Students embrace these concepts with enthusiasm and demonstrate a good understanding of their application to their own lives. We makes considerable efforts to ensure students have exposure to a wide range of experiences beyond the school environment during which these concepts are shown.
As part of our English curriculum some of our pupils got the chance to visit Runcorn Town to learn how to debate as they are in a competition on Tuesday 4th December. They are debating why schools should be responsible for the mental health of its pupils and why social media is a positive things for teenagers.
All year groups explored and analysed ‘In Flanders Fields’ and ‘We Shall Keep The Faith’ to look into where the poppy tradition came from and how it has developed and why remembrance is still important today, 100 years on from the end of WW1. Students then wrote their own remembrance poems in honour of all those who fought.

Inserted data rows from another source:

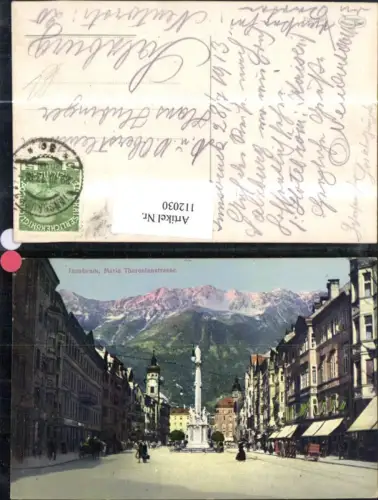 112030,Innsbruck Maria Theresienstrasse 1913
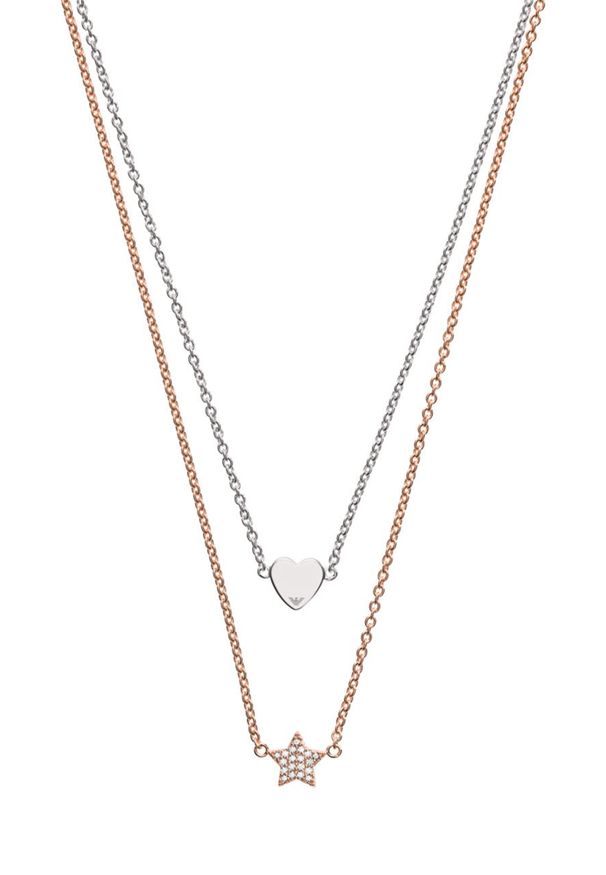 Emporio Armani - Biżuteria EG3411040. Materiał: srebrne. Kolor: srebrny. Wzór: aplikacja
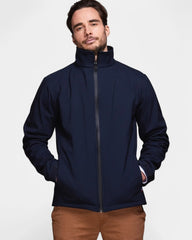 Softshell jack voor heren Made in France, te personaliseren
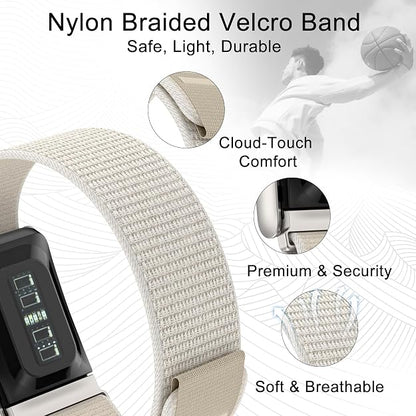 Nylon Loop Sport Band for WHOOP 5.0 One, Peak & Life/MG – Adjustable Waterproof Strap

In our art lessons the pupils recycled materials like plastic bottles to make poppies and these were put these onto a display in our Forum.
The rule of law
We consistently reinforce the importance of laws and rules, whether they govern a class, the school or the country. Students are taught the values of laws and rules, the reasons behind them and the consequences that apply when they are broken. The school has links with external agencies related to the law and has an onsite Community Support Officer fostering positive relationships with our students and the wider community.
Tolerance of those with different faiths and beliefs, and abilities
We strive to improve our students understanding of their place in a culturally diverse society. Students are offered a wide range of opportunities to experience such diversity in school through the R&P curriculum which focusses on current affairs, British values, religions and Philosophies and includes curricular trips and visits. Our EAL department concentrates on our Syrian pupils but includes pupils from Poland. We have a large nurture/pastoral department supporting children from disadvantaged backgrounds and extra needs.
Our students are provided with a safe environment which allows them to think about and make informed choices in their lives both in and out of school. The extensive enrichment programme encourages students to be involve led in a range of school and community based activities of their choice. The enrichment ethos of ‘something for everyone’ allows all students to contribute positively in school and within the wider community in order to develop the skills to become effective British citizens.
Mutual respect is central to our school. Respect for staff, students and peers is evident throughout the school environment. Respect is upheld within classrooms and students are encouraged to share their views as well as listen to others points of views. Students are given responsibility to help and support each other, working together to ensure all students achieve their personal best.
Jon Foster, Chair of the British Youth Council said, “The British Youth Council is delighted to highlight the work of schools up and down the country. Schools are often the best place to offer the foundations to nature grassroots democracy and I’m really excited to find such schools leading the way!”